→ Exercise requirements
Word for word, restate the lines of the material below from its first line through the one containing "Wai Wai Chicken". Omit the rest.

→ Extracted information
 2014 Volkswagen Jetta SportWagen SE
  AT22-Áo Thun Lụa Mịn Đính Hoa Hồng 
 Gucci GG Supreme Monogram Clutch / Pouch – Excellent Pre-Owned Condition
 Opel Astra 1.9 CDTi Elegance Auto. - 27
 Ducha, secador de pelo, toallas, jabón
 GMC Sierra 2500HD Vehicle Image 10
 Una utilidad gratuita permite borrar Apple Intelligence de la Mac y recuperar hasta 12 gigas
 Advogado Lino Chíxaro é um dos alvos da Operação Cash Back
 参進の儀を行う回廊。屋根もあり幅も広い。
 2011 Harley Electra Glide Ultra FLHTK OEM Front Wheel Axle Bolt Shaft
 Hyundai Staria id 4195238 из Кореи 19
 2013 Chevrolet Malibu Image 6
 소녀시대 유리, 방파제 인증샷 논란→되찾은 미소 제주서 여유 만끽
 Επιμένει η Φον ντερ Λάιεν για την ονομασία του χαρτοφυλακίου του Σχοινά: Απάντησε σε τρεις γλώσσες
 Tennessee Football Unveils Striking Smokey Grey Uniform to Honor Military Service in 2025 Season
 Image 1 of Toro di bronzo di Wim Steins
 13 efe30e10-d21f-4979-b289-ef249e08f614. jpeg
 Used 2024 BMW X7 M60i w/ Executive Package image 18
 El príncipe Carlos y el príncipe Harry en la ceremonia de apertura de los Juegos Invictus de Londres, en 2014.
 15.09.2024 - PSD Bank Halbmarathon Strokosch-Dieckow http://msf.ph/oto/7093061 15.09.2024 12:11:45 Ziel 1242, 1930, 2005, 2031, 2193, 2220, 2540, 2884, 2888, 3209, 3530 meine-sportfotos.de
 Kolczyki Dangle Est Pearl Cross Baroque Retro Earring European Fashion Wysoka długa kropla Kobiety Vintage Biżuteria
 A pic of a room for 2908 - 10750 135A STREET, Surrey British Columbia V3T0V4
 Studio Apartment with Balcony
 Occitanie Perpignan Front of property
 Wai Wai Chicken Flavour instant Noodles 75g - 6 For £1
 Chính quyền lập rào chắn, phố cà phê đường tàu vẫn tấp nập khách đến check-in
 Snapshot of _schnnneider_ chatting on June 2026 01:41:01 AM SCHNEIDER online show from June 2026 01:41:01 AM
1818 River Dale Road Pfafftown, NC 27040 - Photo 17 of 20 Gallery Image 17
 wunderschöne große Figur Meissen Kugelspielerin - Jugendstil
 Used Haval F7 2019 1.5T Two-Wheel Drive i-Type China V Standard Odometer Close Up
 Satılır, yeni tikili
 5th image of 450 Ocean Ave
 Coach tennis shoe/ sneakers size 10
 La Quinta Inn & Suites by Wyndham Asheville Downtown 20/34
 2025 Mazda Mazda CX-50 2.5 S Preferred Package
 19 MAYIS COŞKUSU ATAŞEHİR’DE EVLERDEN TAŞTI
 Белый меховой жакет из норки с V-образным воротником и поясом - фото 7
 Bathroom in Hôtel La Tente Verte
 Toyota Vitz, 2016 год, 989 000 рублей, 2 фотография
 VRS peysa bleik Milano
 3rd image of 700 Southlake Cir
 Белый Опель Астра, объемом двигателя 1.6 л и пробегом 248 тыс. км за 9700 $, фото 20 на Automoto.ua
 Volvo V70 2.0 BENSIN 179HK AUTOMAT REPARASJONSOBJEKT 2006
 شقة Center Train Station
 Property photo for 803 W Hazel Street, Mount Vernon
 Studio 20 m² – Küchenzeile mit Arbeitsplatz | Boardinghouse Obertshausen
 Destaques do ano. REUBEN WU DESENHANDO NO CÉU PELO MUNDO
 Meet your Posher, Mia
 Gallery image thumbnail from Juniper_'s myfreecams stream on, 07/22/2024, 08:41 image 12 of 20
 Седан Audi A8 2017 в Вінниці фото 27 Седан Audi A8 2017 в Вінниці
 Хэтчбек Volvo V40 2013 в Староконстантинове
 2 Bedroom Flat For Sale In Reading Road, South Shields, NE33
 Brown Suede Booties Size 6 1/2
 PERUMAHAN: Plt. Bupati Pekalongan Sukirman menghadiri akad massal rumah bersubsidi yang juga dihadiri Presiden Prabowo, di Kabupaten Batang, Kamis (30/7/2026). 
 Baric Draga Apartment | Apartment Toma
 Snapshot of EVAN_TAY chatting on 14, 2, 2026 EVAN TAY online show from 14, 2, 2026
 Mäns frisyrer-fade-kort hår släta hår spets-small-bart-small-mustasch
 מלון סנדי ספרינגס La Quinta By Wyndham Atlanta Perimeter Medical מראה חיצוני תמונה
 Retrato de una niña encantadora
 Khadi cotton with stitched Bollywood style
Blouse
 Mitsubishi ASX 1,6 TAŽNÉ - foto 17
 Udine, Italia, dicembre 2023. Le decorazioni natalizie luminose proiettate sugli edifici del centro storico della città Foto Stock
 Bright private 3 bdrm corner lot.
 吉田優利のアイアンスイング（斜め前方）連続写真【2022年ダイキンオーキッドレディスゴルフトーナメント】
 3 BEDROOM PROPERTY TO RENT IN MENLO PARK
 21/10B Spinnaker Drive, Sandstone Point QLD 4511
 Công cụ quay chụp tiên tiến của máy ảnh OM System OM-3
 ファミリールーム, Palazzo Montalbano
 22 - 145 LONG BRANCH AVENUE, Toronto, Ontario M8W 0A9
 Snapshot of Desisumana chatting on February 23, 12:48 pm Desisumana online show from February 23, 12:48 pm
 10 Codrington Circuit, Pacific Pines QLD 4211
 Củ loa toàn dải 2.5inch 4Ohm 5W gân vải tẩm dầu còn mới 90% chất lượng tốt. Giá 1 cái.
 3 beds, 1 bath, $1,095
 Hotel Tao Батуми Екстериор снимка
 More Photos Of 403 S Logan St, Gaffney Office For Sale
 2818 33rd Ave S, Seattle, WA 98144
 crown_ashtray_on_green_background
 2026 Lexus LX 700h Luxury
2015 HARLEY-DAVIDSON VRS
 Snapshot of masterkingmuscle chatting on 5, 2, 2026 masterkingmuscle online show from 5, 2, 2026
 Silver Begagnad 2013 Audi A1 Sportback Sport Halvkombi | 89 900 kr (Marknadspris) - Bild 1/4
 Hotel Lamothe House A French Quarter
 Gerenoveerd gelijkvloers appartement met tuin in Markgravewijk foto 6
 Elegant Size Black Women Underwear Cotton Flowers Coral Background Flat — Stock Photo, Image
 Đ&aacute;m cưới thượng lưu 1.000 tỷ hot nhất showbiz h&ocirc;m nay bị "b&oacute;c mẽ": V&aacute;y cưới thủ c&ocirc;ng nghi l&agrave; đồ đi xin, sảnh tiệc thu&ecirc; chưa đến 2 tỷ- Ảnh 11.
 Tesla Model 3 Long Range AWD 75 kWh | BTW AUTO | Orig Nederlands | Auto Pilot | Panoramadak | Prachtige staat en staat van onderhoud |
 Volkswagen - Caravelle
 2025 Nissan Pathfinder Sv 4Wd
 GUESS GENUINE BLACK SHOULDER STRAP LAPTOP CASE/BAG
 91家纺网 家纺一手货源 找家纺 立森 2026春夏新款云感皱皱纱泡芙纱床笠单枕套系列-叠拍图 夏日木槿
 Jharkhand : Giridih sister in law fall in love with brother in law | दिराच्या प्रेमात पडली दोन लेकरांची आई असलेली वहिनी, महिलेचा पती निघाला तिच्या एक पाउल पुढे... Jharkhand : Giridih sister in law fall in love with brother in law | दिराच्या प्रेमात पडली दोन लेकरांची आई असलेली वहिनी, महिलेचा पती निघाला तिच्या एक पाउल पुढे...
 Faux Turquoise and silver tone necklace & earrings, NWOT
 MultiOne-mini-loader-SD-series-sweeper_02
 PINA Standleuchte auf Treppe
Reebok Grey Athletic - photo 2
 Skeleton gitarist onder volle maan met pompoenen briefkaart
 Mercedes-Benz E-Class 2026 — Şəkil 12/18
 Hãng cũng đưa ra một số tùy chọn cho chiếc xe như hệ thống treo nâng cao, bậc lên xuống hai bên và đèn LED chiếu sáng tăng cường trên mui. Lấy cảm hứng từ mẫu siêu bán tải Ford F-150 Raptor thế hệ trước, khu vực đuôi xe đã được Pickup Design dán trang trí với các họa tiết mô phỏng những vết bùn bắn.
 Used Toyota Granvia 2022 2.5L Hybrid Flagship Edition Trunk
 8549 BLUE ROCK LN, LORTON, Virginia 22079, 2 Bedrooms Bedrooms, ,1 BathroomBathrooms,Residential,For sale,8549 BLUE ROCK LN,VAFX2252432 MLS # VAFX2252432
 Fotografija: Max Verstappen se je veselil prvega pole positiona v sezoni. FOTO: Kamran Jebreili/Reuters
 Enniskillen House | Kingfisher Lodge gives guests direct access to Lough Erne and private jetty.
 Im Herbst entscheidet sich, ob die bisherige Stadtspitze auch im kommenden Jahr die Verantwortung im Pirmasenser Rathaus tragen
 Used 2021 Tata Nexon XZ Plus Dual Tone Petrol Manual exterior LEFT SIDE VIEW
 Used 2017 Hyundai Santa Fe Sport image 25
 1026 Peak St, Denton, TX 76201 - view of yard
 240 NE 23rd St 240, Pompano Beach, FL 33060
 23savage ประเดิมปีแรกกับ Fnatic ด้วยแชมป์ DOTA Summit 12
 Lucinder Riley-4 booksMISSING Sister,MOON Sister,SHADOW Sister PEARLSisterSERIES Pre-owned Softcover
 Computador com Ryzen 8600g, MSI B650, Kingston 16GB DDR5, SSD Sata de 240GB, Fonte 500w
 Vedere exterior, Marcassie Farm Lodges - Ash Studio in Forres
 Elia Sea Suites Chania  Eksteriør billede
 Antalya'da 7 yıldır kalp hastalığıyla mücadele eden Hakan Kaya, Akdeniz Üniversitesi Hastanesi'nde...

→ Exercise solution
 2014 Volkswagen Jetta SportWagen SE
  AT22-Áo Thun Lụa Mịn Đính Hoa Hồng 
 Gucci GG Supreme Monogram Clutch / Pouch – Excellent Pre-Owned Condition
 Opel Astra 1.9 CDTi Elegance Auto. - 27
 Ducha, secador de pelo, toallas, jabón
 GMC Sierra 2500HD Vehicle Image 10
 Una utilidad gratuita permite borrar Apple Intelligence de la Mac y recuperar hasta 12 gigas
 Advogado Lino Chíxaro é um dos alvos da Operação Cash Back
 参進の儀を行う回廊。屋根もあり幅も広い。
 2011 Harley Electra Glide Ultra FLHTK OEM Front Wheel Axle Bolt Shaft
 Hyundai Staria id 4195238 из Кореи 19
 2013 Chevrolet Malibu Image 6
 소녀시대 유리, 방파제 인증샷 논란→되찾은 미소 제주서 여유 만끽
 Επιμένει η Φον ντερ Λάιεν για την ονομασία του χαρτοφυλακίου του Σχοινά: Απάντησε σε τρεις γλώσσες
 Tennessee Football Unveils Striking Smokey Grey Uniform to Honor Military Service in 2025 Season
 Image 1 of Toro di bronzo di Wim Steins
 13 efe30e10-d21f-4979-b289-ef249e08f614. jpeg
 Used 2024 BMW X7 M60i w/ Executive Package image 18
 El príncipe Carlos y el príncipe Harry en la ceremonia de apertura de los Juegos Invictus de Londres, en 2014.
 15.09.2024 - PSD Bank Halbmarathon Strokosch-Dieckow http://msf.ph/oto/7093061 15.09.2024 12:11:45 Ziel 1242, 1930, 2005, 2031, 2193, 2220, 2540, 2884, 2888, 3209, 3530 meine-sportfotos.de
 Kolczyki Dangle Est Pearl Cross Baroque Retro Earring European Fashion Wysoka długa kropla Kobiety Vintage Biżuteria
 A pic of a room for 2908 - 10750 135A STREET, Surrey British Columbia V3T0V4
 Studio Apartment with Balcony
 Occitanie Perpignan Front of property
 Wai Wai Chicken Flavour instant Noodles 75g - 6 For £1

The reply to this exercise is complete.